More pink sand, and more solitude, at Conch Cove.

             In contrast is the placid Exuma Sound side beach of Old Bight, bordered by an ancient cemetery and plantation ruins.


Old Bight’s clear and calm waters.

And the wild and undeveloped shore of Port Royal, where a half dozen people had the audacity to join us on 2 miles of sand.


A dozen years after we first found our way to this spectacular beach at Port Royal, and it seems not to have changed at all.

As part of our road trips, we planned lunch stops.  An old favorite is Yardie’s, deservedly known for the best conch salad on the island, as well as down-home Bahamian specialties like steamed fish, accompanied by frosty Sands.

There is nothing more refreshing, and more typically Bahamian, than a cool conch salad and a frosty beer at a roadside stand.  You can also fill your gas tank here.

A newer addition to the Cat Island scene is the restaurant at Shanna’s Cove, perched on the bluff that tumbles down to the Port Royal beach.  Of all things, Shanna’s is known for good pizza, which hits the spot after eating fish and conch for every meal.

When we tire of conch and our view at Fernandez Bay, there’s always pizza and a caprese salad, with a view of Port Royal, from Shanna’s Cove.

Cat Island’s iconic attraction is the Hermitage, a site I never tire of visiting.  Perched atop Mt. Alvernia and offering views of both the Atlantic Ocean and Exuma Sound, it’s one of those places that inspires me to be mindful and count my blessings.


Not least of which is my ability to visit the magical Out Islands of the Bahamas and share them with my friends.



3 thoughts on “No Broken Glass, No Big Dents

  1. Ann Crumpton

    Thanks Eva for sharing your trip report and the beautiful photos! I have a long way to go until November but can’t wait for our first trip to Cat Island.


    Hey Eva,   Did you happen to go to or by Sammy t’s on this trip?  I know that he died a while back and I wonder if the place is still run well?  I am having second thoughts about whether or not we might like it better there than at Pigeon Cay.  Any thoughts on the area or beaches at either?   Thanks for feedback!! Ann

    1. evarickhill Post author

      Ann, I haven’t heard much about Sammy T’s, other than calling ahead for meals — even lunch — which suggests it’s very sleepy.
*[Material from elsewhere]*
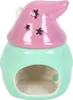 A ceramic gnome-shaped oil burner with cut-out star shapes on the hat. Produktbild-Vorschau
The beach there is beautiful. I haven’t seen the beach at Pigeon Cay, but it looks amazing from Google Earth. I doubt you’ll go wrong with either, but be sure the check out the latest on Trip Advisor to see what kind of vibe you get. (We did visit Shanna’s Cove, which is lovely, and the beach is amazing. But it’s a long slog to get there. Tailwinds resort is right next to Shanna’s, but I don’t know what it looks like.)